“My employer considers me a plodder,” Ned said, “while I hope the Earl of Woodruff considers me a prospective son-in-law. Was there anything else, Your Grace?”
Walden rose and Ned realized that at some point, the duke had become distinguished. The touch of gray at his temples, the lines fanning from his eyes, the slight grooves bracketing his mouth made a fierce countenance more imposing. Walden was very much a man in his prime, but he was also no longer a dashing swain.
The thought was sad and sobering, for all too soon, Ned would no longer be a dashing swain either, if he ever had been. The years could march past, one quarterly directors’ meeting, one monthly dinner at a time. If Ned did not seize the miracle of a life with Rosalind and hold it fast, he’d become another Tattinger, fawning over widows and fussing over which shade of carnation to affix to his lapel each day.
Ned had no desire to be a duke, but distinction in his later years would be…nice.
“I will leave you with this thought,” Walden said. “Good luck with Woodruff. He’s Tory to his bones and as land-poor as he is land-proud. He’ll be the devil himself as a father-in-law, but if Lady Rosalind is your choice, we will welcome her with open arms.”
Not what Ned had been expecting. “Thank you.”
Walden ambled for the door. “Be careful, Ned. Jane tasked us with looking after each other, but when it comes to courting a lady, every gent is on his own. Lady Rosalind will be lucky to have you, as the Wentworths are and ever have been lucky to have you.”
Walden left on those words, which was fortunate for Ned’s composure. Ned closed the door after the duke, and went to the window, where he stood for a long time staring at the busy street below.
***
“Did I just hear our darling Neddy pinning your ducal ears back?” Lord Stephen Wentworth asked.
Walden took the place behind his own desk, a seat Stephen could never see himself assuming. But then, Stephen had never seen himself married, never seen himself as a father, never seen himself walking with relative ease, and look how delightfully those undertakings were going along now.
“Clearing the air,” Walden said. “Ned has always had the knack of untangling knots. Knotted-up traffic, Bitty’s knotted-up nursery dramas, and now, the knotty problem of Lady Rosalind’s missing maids.”
Something had derailed Walden’s usual focus on bank business first thing in the day. Or someone.
“You have that I-must-discuss-this-with-Jane look about you,” Stephen said. “What has Neddy in such a taking?” What had Walden in a much quieter but equally profound taking?
“I owe Ned my life.”
Stephen refused on principle to occupy one of the chairs facing Walden’s desk—supplicant seats, all too often. He instead appropriated the sofa beneath the window and helped himself to a tea cake.
“When you met Ned, he was a scrawny little thief with an impressively foul vocabulary.” Which Stephen had envied him. “You have seen him educated and employed, while Jane has seen him scrubbed up and made presentable. How could you be indebted to him?”
Walden took out a nacre-handled penknife and began trimming one of the three quills in his pen tray.
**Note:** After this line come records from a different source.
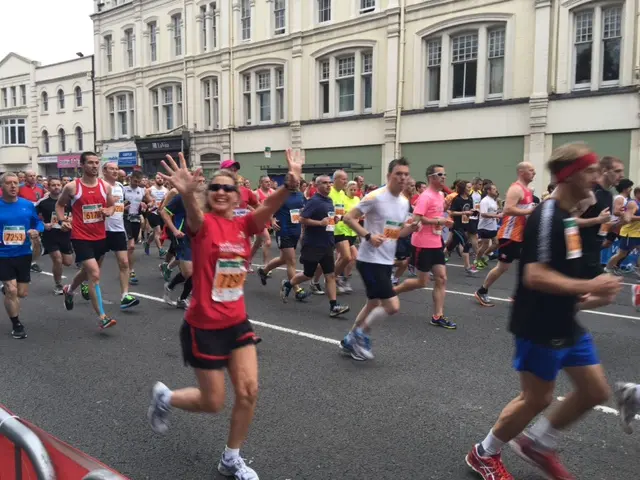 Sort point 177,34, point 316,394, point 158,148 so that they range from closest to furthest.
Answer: point 316,394 → point 177,34 → point 158,148

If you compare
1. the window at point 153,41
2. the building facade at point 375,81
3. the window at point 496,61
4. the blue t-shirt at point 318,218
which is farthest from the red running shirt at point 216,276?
the window at point 153,41

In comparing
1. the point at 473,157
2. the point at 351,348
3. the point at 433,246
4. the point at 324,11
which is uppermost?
the point at 324,11

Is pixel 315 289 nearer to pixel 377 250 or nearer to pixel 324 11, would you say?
pixel 377 250

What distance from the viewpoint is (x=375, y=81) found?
22.8 m

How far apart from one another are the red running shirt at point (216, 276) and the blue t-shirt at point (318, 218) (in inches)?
167

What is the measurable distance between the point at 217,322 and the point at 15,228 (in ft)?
13.9

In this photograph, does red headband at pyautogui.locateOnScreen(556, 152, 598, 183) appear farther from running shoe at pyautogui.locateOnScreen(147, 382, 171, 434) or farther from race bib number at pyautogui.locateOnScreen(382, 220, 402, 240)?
race bib number at pyautogui.locateOnScreen(382, 220, 402, 240)

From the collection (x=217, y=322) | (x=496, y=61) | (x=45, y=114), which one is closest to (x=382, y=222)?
(x=217, y=322)

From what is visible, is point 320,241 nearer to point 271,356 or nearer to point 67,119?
point 271,356

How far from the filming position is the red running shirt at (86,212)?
6672mm

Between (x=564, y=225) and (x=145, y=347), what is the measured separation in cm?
451

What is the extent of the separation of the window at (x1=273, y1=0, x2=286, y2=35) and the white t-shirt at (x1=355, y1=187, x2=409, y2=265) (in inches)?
885

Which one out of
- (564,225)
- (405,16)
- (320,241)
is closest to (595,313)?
(320,241)

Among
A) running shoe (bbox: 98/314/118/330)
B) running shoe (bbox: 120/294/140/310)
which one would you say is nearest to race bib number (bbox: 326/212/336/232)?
running shoe (bbox: 120/294/140/310) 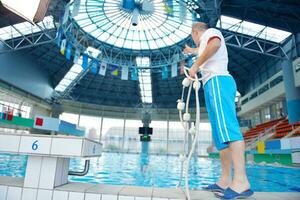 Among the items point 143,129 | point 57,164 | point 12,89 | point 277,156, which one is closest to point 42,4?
point 57,164

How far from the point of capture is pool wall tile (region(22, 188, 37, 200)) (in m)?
2.02

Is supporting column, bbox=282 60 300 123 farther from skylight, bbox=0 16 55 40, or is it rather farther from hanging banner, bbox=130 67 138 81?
skylight, bbox=0 16 55 40

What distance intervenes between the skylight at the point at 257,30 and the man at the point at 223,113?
14.8m

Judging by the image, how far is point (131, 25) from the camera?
18578 mm

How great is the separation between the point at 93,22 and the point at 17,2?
55.6 feet

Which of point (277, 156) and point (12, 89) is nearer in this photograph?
point (277, 156)

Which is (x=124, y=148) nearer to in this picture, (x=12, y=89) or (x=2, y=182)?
(x=12, y=89)

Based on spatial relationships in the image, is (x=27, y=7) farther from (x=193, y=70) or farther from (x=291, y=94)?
(x=291, y=94)

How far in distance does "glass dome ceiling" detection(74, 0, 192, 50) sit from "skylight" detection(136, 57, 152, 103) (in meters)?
1.57

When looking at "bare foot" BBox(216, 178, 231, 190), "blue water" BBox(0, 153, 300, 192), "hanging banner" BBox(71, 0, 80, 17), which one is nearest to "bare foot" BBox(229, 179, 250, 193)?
"bare foot" BBox(216, 178, 231, 190)

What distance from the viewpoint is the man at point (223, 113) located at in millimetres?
1875

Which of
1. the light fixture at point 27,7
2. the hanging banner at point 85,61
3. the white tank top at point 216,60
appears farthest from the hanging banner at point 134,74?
the white tank top at point 216,60

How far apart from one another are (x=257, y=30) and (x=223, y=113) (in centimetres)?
1671

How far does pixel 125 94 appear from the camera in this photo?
3288cm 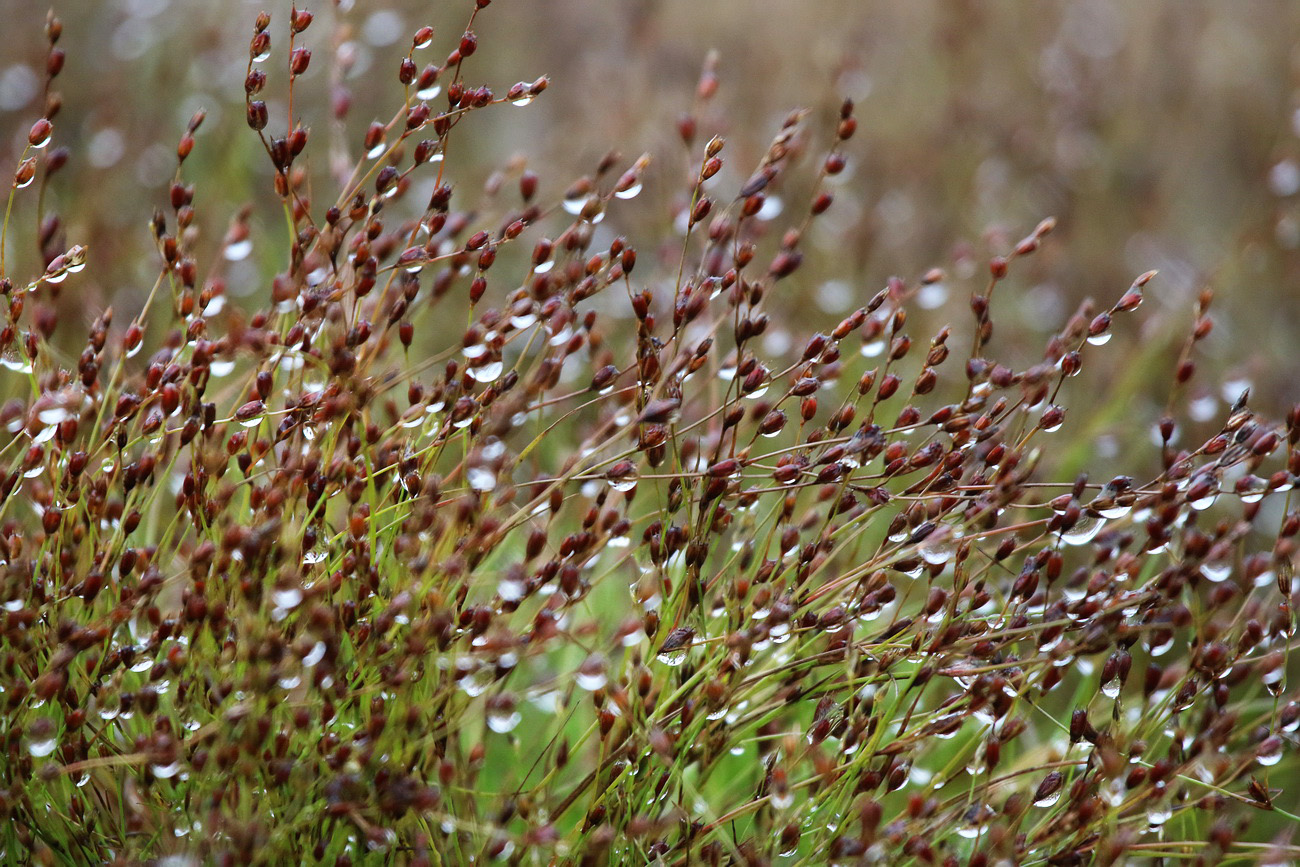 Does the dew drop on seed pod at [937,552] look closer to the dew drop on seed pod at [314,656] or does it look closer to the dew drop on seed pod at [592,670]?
the dew drop on seed pod at [592,670]

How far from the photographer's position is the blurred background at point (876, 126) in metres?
3.80

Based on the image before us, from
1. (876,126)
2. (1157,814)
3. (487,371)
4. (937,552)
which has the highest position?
(487,371)

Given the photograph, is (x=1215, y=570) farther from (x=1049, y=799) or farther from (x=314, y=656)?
(x=314, y=656)

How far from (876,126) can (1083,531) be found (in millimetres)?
4165

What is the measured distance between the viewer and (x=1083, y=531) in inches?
62.1

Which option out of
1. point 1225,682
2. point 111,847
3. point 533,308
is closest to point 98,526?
point 111,847

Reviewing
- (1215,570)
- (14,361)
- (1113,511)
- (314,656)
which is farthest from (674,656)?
(14,361)

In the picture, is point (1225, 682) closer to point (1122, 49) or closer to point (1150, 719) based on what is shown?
point (1150, 719)

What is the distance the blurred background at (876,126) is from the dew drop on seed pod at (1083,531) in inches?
68.7

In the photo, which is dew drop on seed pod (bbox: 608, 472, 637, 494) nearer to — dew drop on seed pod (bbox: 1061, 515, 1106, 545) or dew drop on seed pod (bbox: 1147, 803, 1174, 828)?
dew drop on seed pod (bbox: 1061, 515, 1106, 545)

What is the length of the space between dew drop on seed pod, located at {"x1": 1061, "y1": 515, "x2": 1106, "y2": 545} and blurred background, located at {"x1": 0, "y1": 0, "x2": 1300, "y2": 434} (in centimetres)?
175

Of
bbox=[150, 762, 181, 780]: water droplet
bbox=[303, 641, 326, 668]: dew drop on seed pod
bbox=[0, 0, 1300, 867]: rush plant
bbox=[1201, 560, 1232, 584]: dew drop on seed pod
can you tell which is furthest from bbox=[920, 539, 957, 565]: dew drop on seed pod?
bbox=[150, 762, 181, 780]: water droplet

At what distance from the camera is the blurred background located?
3.80 meters

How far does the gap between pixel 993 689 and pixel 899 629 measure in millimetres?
208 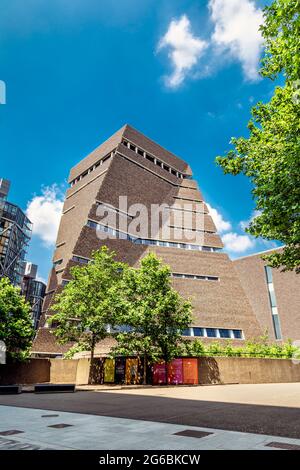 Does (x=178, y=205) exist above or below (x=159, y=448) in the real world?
above

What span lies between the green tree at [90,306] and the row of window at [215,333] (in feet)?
55.3

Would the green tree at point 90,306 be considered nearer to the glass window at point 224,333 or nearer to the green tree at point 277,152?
the green tree at point 277,152

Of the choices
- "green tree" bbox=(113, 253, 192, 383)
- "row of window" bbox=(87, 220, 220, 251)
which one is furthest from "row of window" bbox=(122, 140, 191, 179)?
"green tree" bbox=(113, 253, 192, 383)

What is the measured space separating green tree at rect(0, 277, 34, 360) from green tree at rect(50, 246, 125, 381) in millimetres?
2176

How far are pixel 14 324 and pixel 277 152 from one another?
21971mm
“How good are your begging skills these days, Stephen?”
“You’d have to ask Abigail.”
Walden’s lips quirked. “Not those begging skills. The ones you survived on as a child when my wages were insufficient.”
Truth to tell, Walden’s wages had always been insufficient. As a younger man, Stephen might have noted that point for the record.
“If I had to beg my way to a crust of bread now…” Stephen thought of his son, a sturdy little fellow with two sound legs. “Maybe for the boy, I could do it, or for Abigail. For myself, I haven’t the knack.”
“Exactly. We lose the knack. There I was in Newgate, all decked out in my Bond Street finery. Ned had to remind me that I should part with my gloves first, not to buy food, but rather, to buy pen and paper. Getting word to my family would solve the food problem and many other problems besides, but I had forgotten those priorities. I had also forgotten that nobody makes a good fist wearing his gloves.”
“Ned reminded you of that too?”
“Within moments of taking me under his wing. The other inmates were still sizing me up, deciding how to relieve me of everything including my teeth. Ned swaggered up to me and appointed himself my general factotum. He negotiated with the guards on my behalf, amplified my reputation for violence considerably, and quite simply saved my life.”
“You were five times his size, easily,” Stephen said, picturing the Ned who’d been dragged, kicking and cursing, into the Wentworth household all those years ago. “You could have taken anybody in a fair fight.”
Walden tested the point of the pen against his fingertip. “A fair fight in Newgate is one where the guards don’t intervene. I was rusty, Stephen. I had worked for years to put aside my skills as a brawler. I craved refinement andinfluence, because the raw violence of the street fighter was too much of Jack Wentworth’s world. Ned was one-fifth my size, but he had ten times my fight. In that, he was like you.”
A compliment lurked well below the surface of Walden’s observation. Stephen would plumb the depths for it later.
“What has all this to do with Ned telling you to sod off now?”